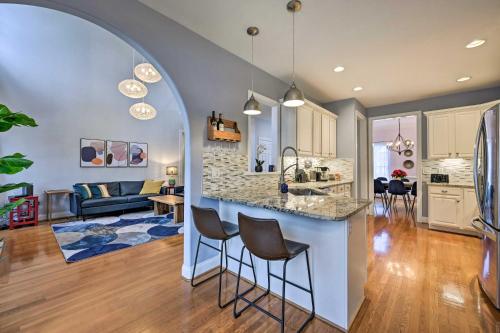 an open kitchen and living room with an archway at Tranquil Greensboro Home with Fire Pit! in Greensboro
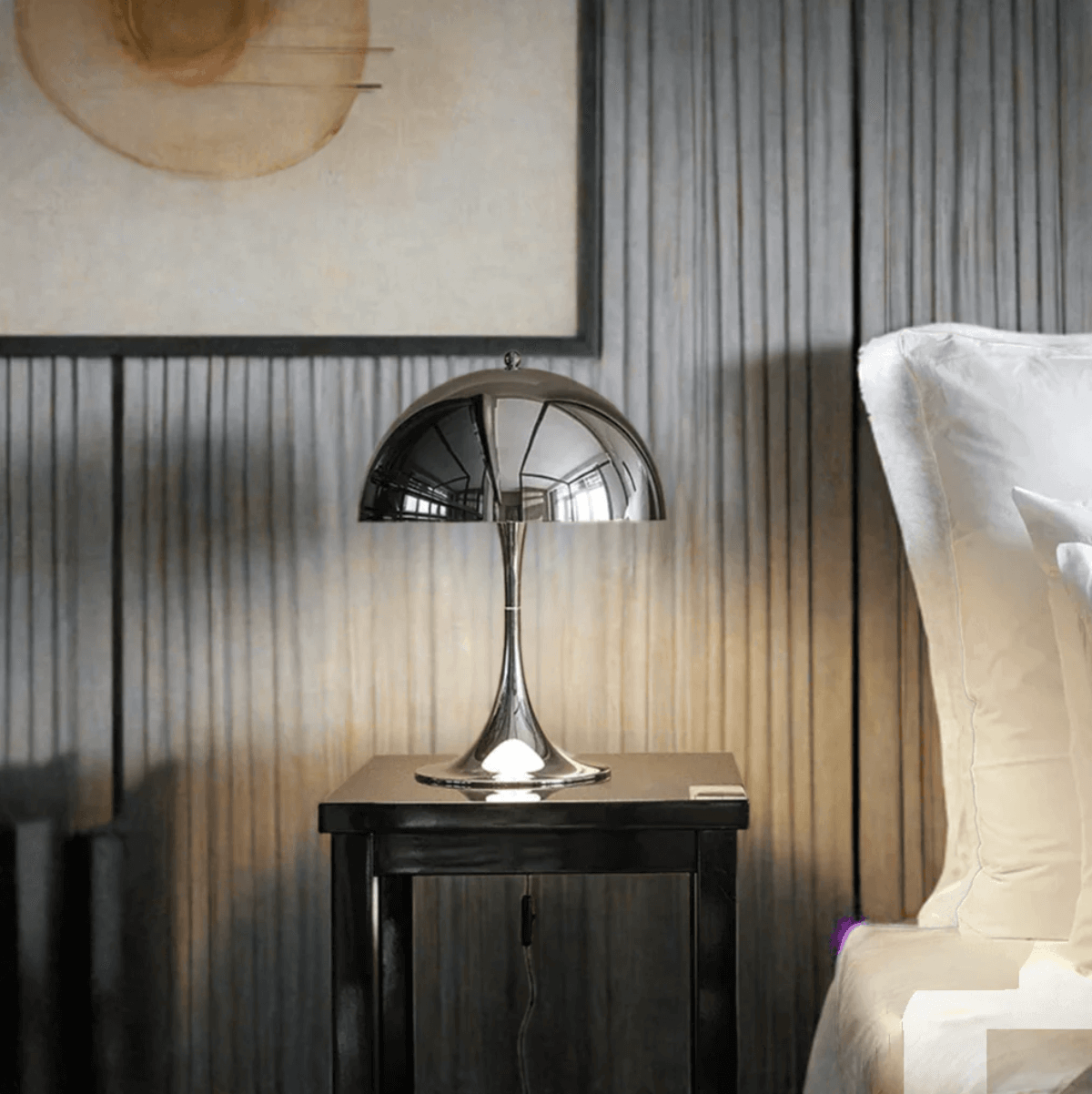 Chrome mushroom table lamp on bedside table, Italian design meets minimalist luxury, adds elegance to modern interior.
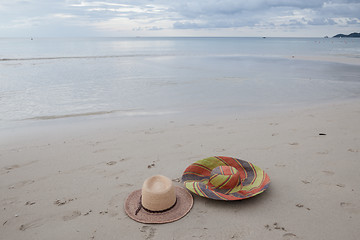 Image showing Beach on tropical island. Clear blue water, sand, clouds. 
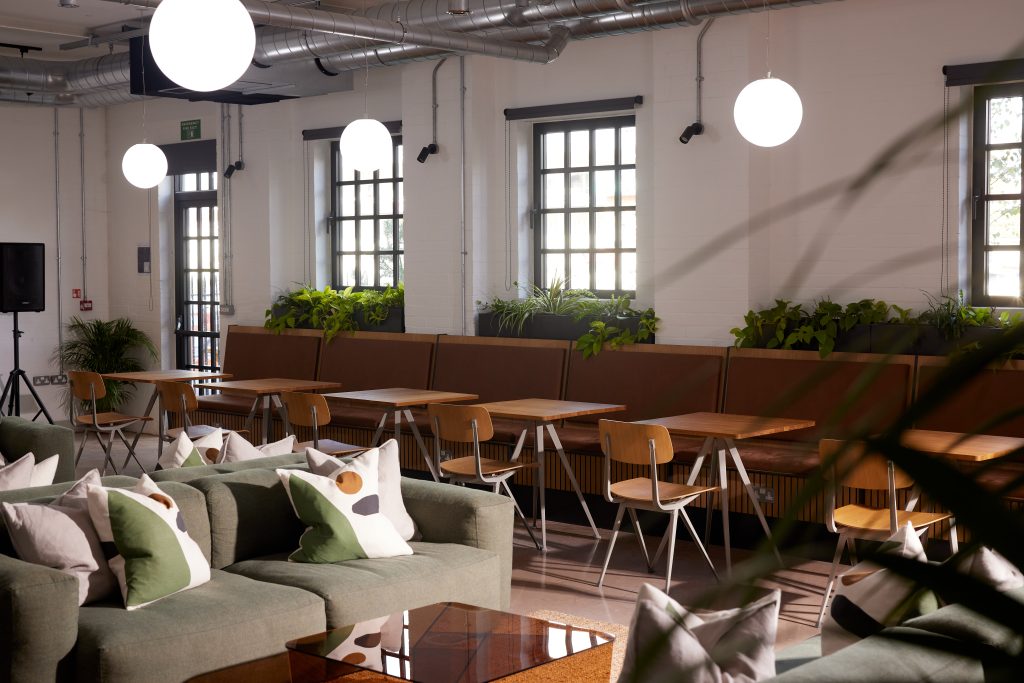 Lounge with tables, chairs and a green sofa with pillows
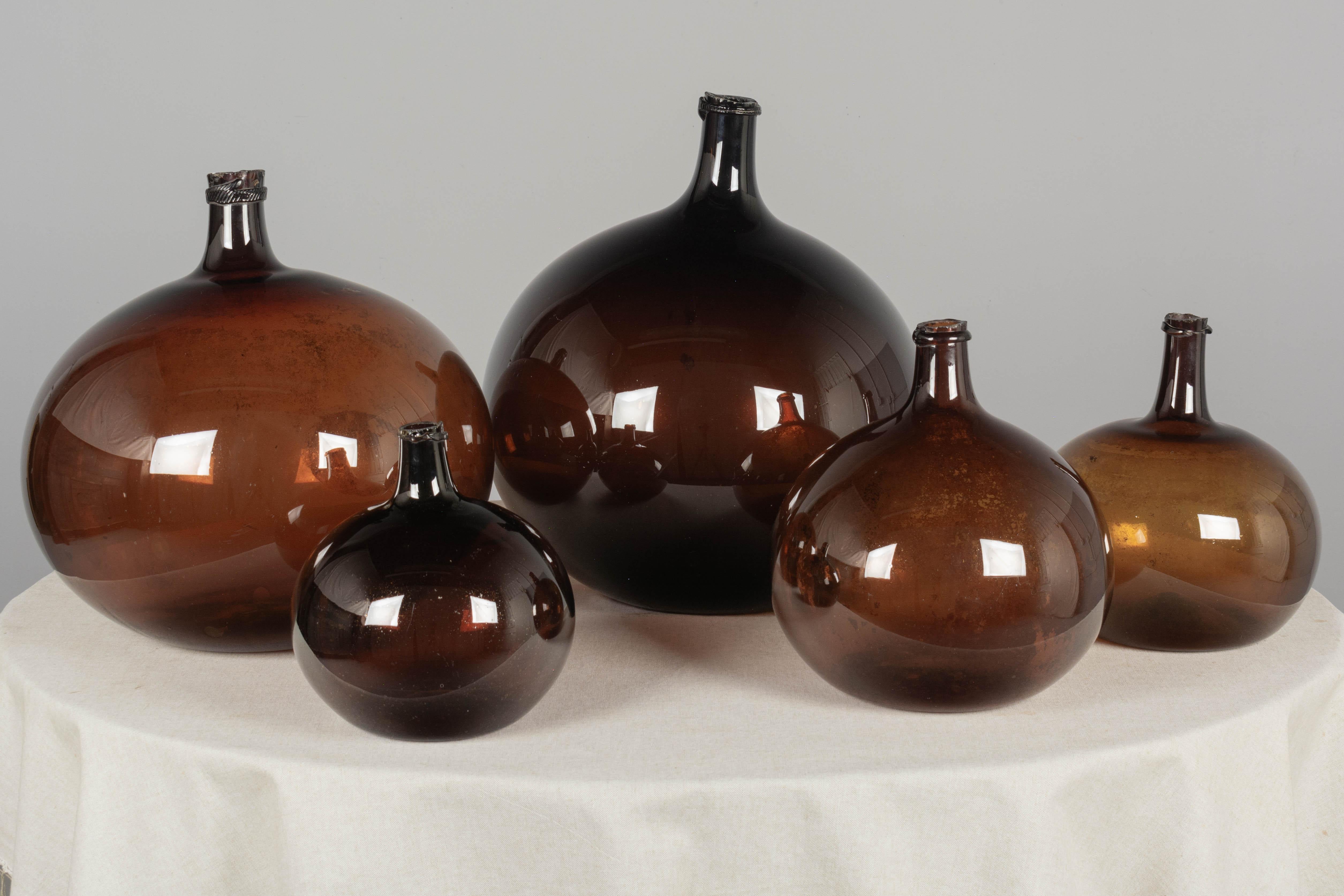 A set of five 19th century French globular form amber glass demijohn bottles with air bubbles typical of handblown glass. Circa 1850-1860
Dimensions (left to right): 
18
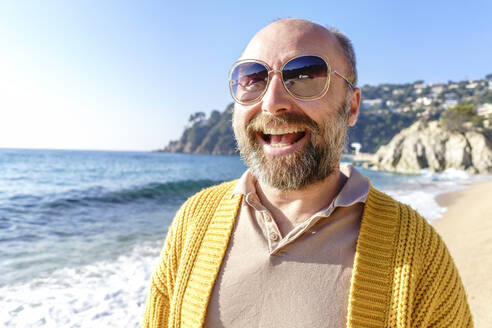 Mann mit Sonnenbrille lachend am Strand am Wochenende - KMKF01795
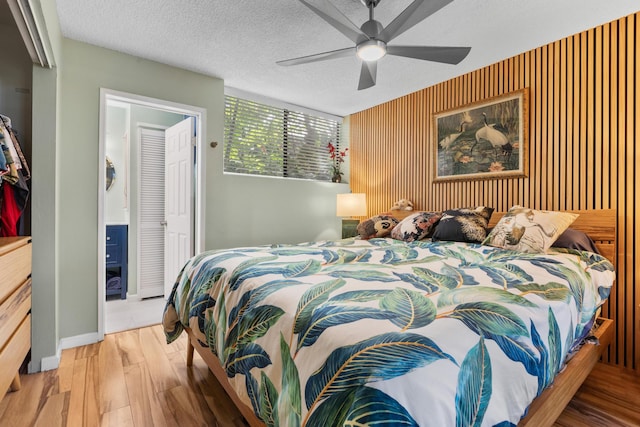 77-301 Noelani Way Unit 12, Kailua-Kona, HI 96740 - bedroom featuring wood finished floors, an accent wall, and ceiling fan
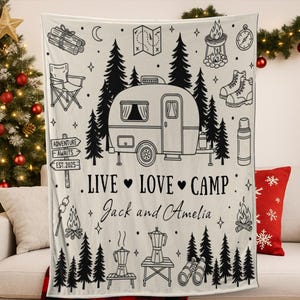 Puede incluir: Manta crema con diseño de camping en negro, con una caravana, árboles y equipo de acampada. El texto dice "LIVE LOVE CAMP" y nombres personalizados. Una manta acogedora para acampadas.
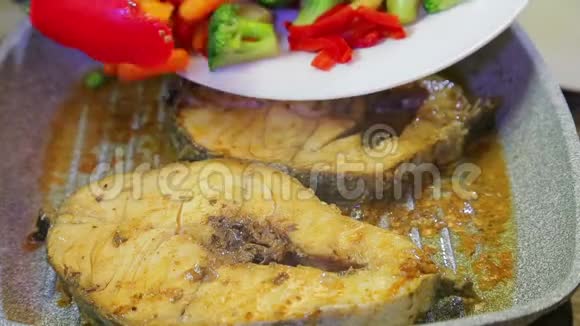 一个女人把新鲜的彩色蔬菜和鱼放在煎锅里视频的预览图
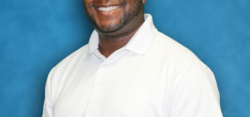 Smiling man in white polo shirt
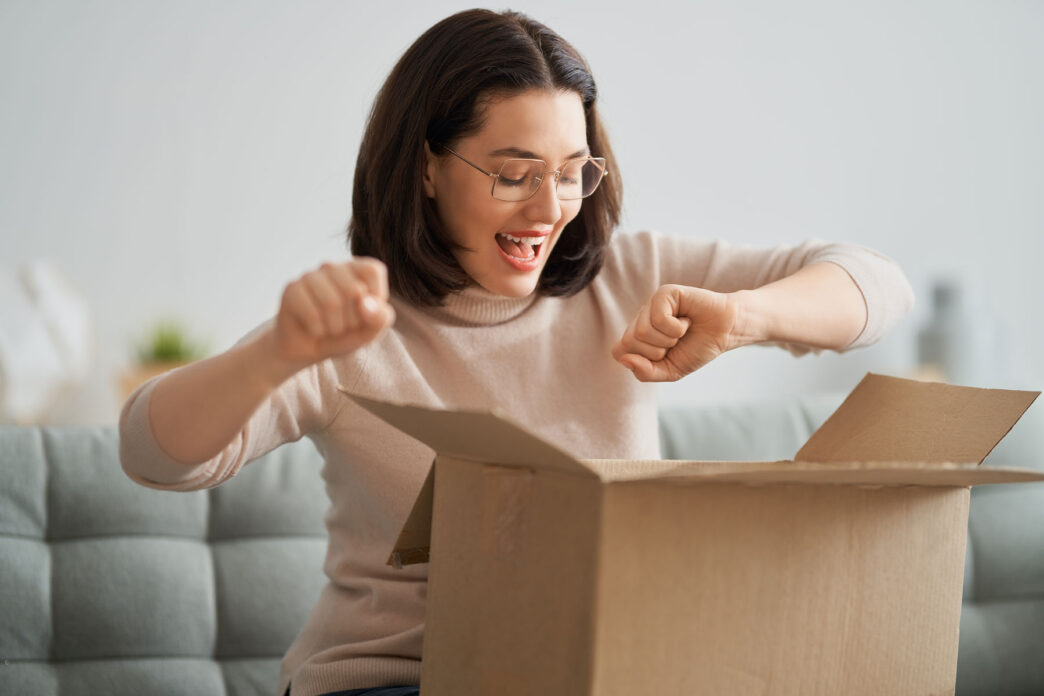 Chica joven en su casa abriendo con emoción una caja a la que está suscrita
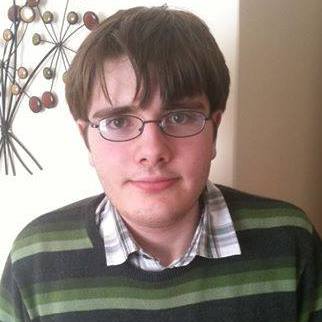 A head and shoulders photo of Phil who has brown hair and is wearing glasses.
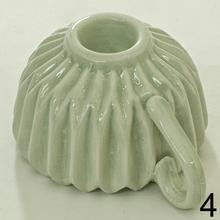 Svietnik v tvare šálky s opakovaným vzorom.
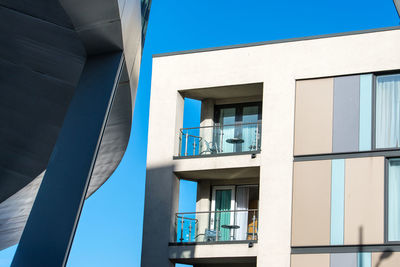 Low angle view of modern building against clear blue sky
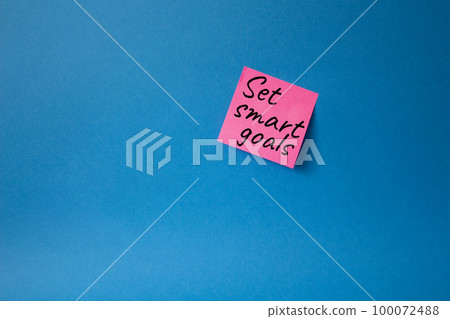 Set smart goals symbol. Concept words Set smart goals on pink steaky note. Beautiful blue background. Business and Set smart goals concept. Copy space. 100072488
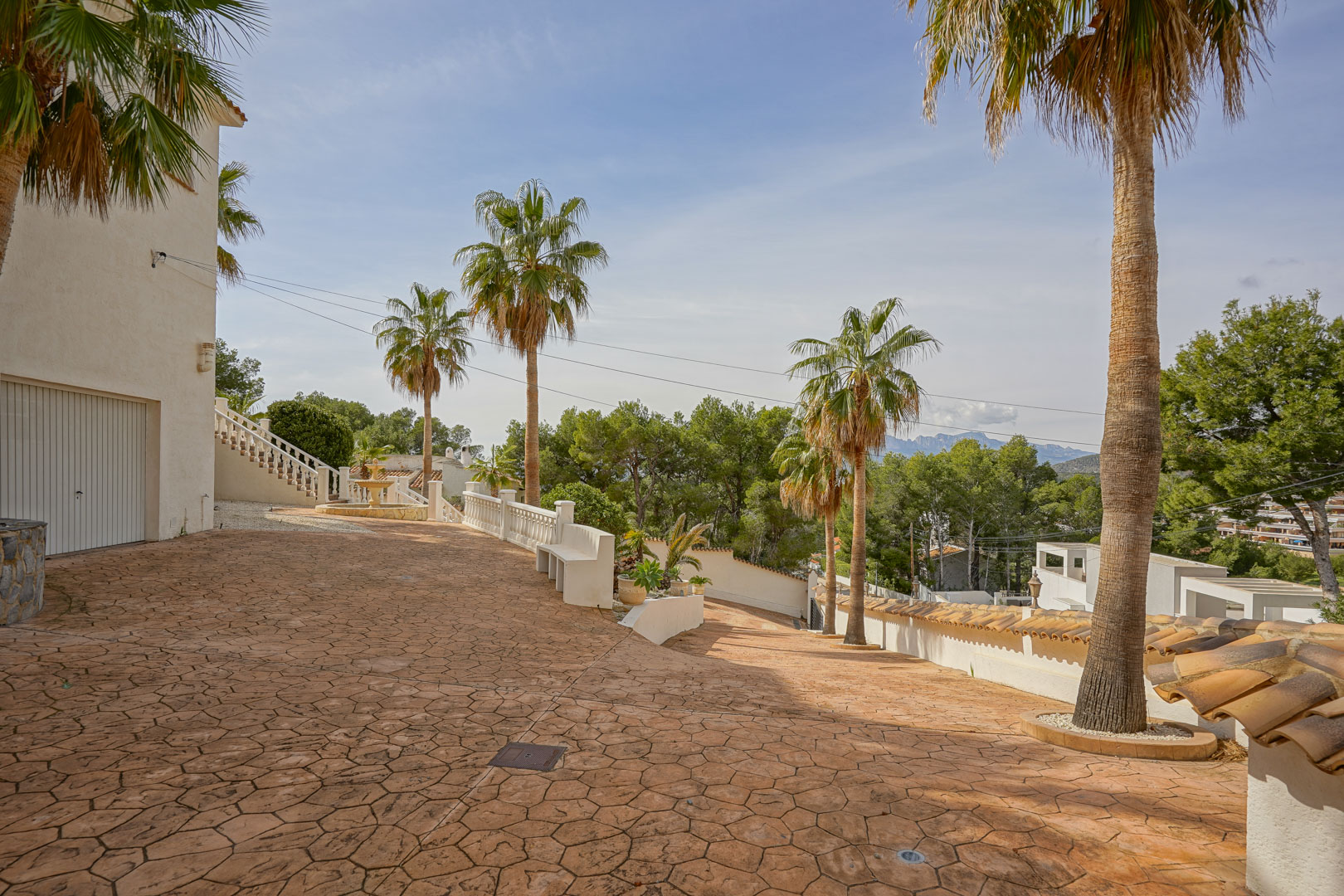 Entrée de la villa avec une large allée en béton imprimé, des palmiers matures et vue sur les montagnes. Comprend l'accès au garage et des balustrades blanches.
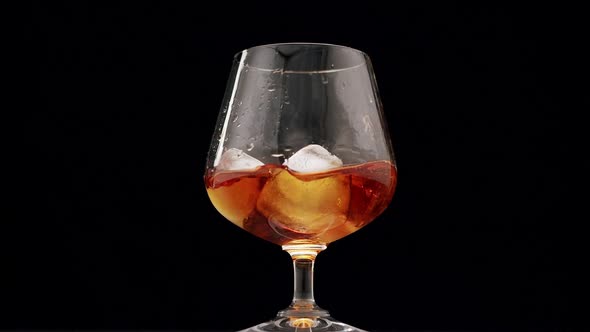 an Ice Cube Falls Into a Glass of Brandy Whiskey or Cognac Alcoholic Drinks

AIM OF THE TASK -> Retype the lines above exactly as they appear, from the line containing "Puede incluir: Manta" through the line containing "A head and shoulders", and leave out any pictures.

FINISHED TASK ->
 Puede incluir: Manta crema con diseño de camping en negro, con una caravana, árboles y equipo de acampada. El texto dice "LIVE LOVE CAMP" y nombres personalizados. Una manta acogedora para acampadas.
 一个女人把新鲜的彩色蔬菜和鱼放在煎锅里视频的预览图
 Smiling man in white polo shirt
 Chica joven en su casa abriendo con emoción una caja a la que está suscrita
 A head and shoulders photo of Phil who has brown hair and is wearing glasses.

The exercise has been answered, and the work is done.